Lors de la conférence annuelle de l’Association des études africaines en novembre 2013, les chercheurs Patrick Plonski, Asratie Teferra et Rachel Brady ont examiné pourquoi davantage des pays africains adoptent l’anglais comme langue officielle. Ils se sont penchés sur le cas du Rwanda qui démontre comment le pays a mis à profit la langue anglaise pour accélérer son développement. Reconnaissant les avantages de l’anglais pour le commerce et la technologie, le Rwanda a abandonné le français au profit de l’anglais comme langue officielle après le génocide de 1994. Depuis 2008, l’anglais est devenu la langue d’enseignement dans les établissements publics.

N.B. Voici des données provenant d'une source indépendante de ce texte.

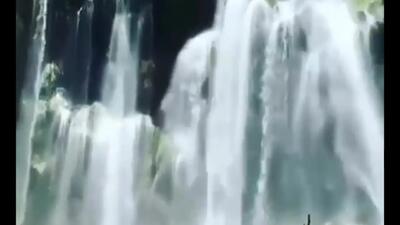 آبشار زردلیمه جاذبه اکوتوریستی شهرستان اردل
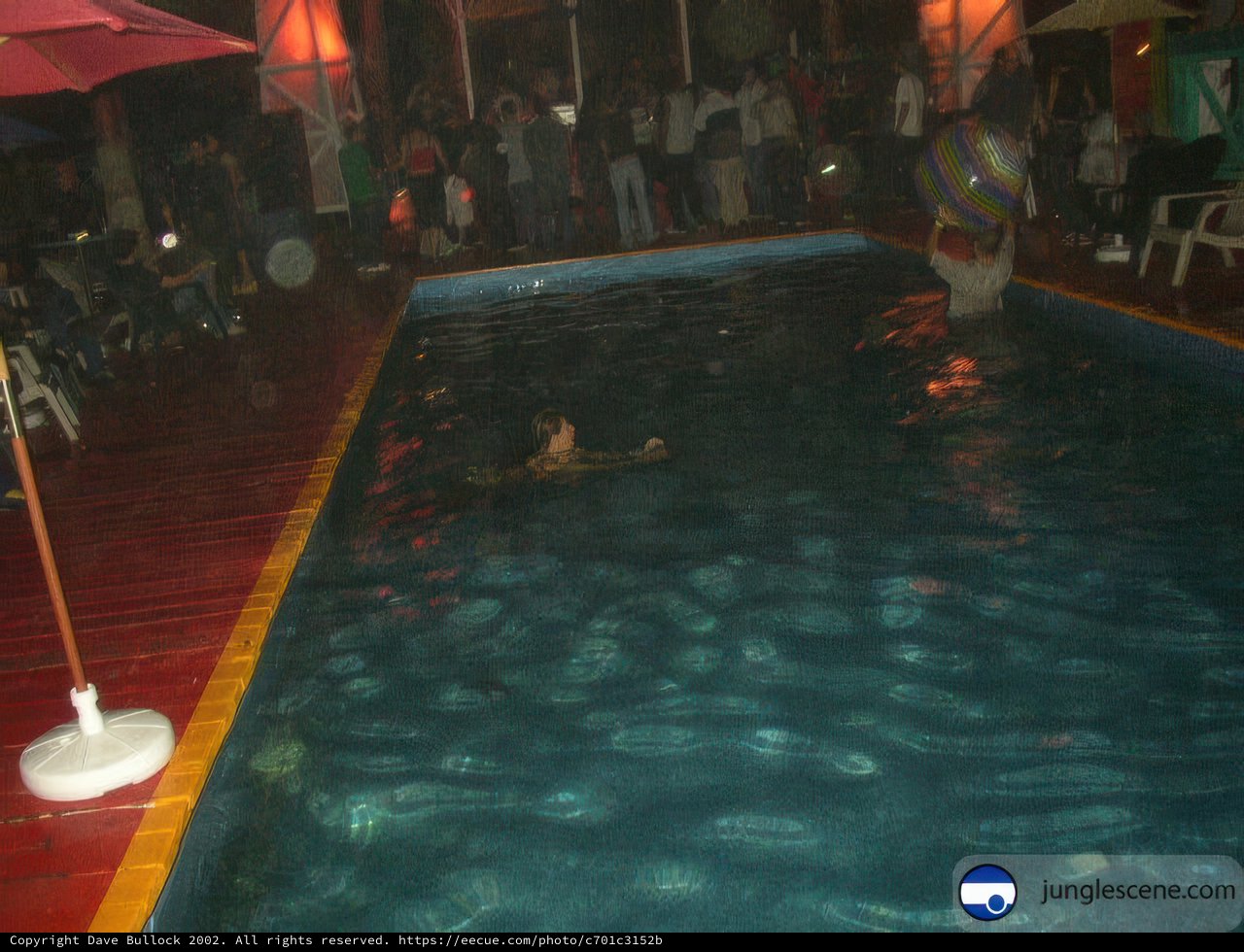 Swimming and Lounging in Ensenada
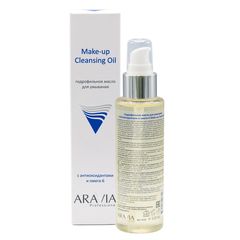 Гидрофильное масло Make-Up Cleansing Oil с антиоксидантами и омега-6, 110 мл, ARAVIA Professional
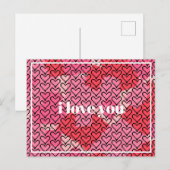 Valentines Pixels Heart Postkarte (Vorne/Hinten)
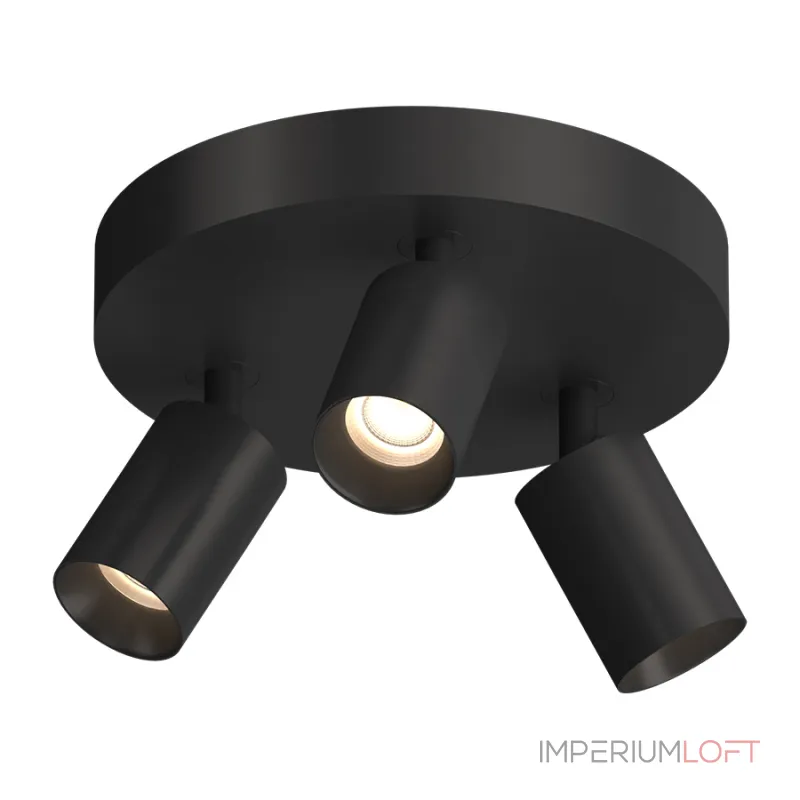 Потолочный поворотный светодиодный светильник LeDron SAGITONY SAGITONY R3 S60 Black от ImperiumLoft Потолочный поворотный светодиодный светильник LeDron SAGITONY SAGITONY R3 S60 Black от ImperiumLoft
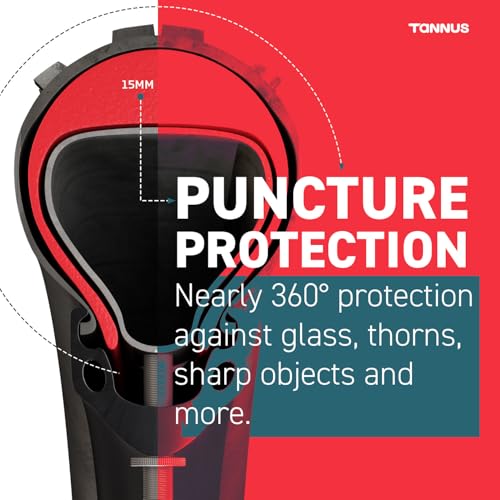 Tannus Armour Bicycle Tire Inserts 26x4.0-4.8 Schrader Puncture Proof Tubes Kit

Le gouvernement est pragmatique par rapport au choix de la langue d’enseignement. Un responsable du gouvernement cité par les chercheurs susmentionnés explique la raison : « C’est choisir l’anglais comme langue d’enseignement pour que nous, les Rwandais d’aujourd’hui et surtout de demain, puissions en bénéficier. Si l’espagnol ou une autre langue pouvait nous amener à cela, pas de problème. Si le kinyarwanda pouvait nous amener à ça, ce serait merveilleux. Ce n’est pas l’anglais pour le plaisir. » Voilà ce qui est bien dit. Si le N’ko peut nous aider à battre les records du Rwanda, tant mieux. Le cas échéant, faisons comme les Rwandais : maintenons nos racines culturelles, mais apprenons l’anglais pour vite maitriser la technologie numérique et attirer des investisseurs étrangers pour développer rapidement notre pays. Une fois que nous serons un pays développé, nous aurons suffisamment de moyens pour financer le rayonnement de nos langues et cultures dans le monde entier.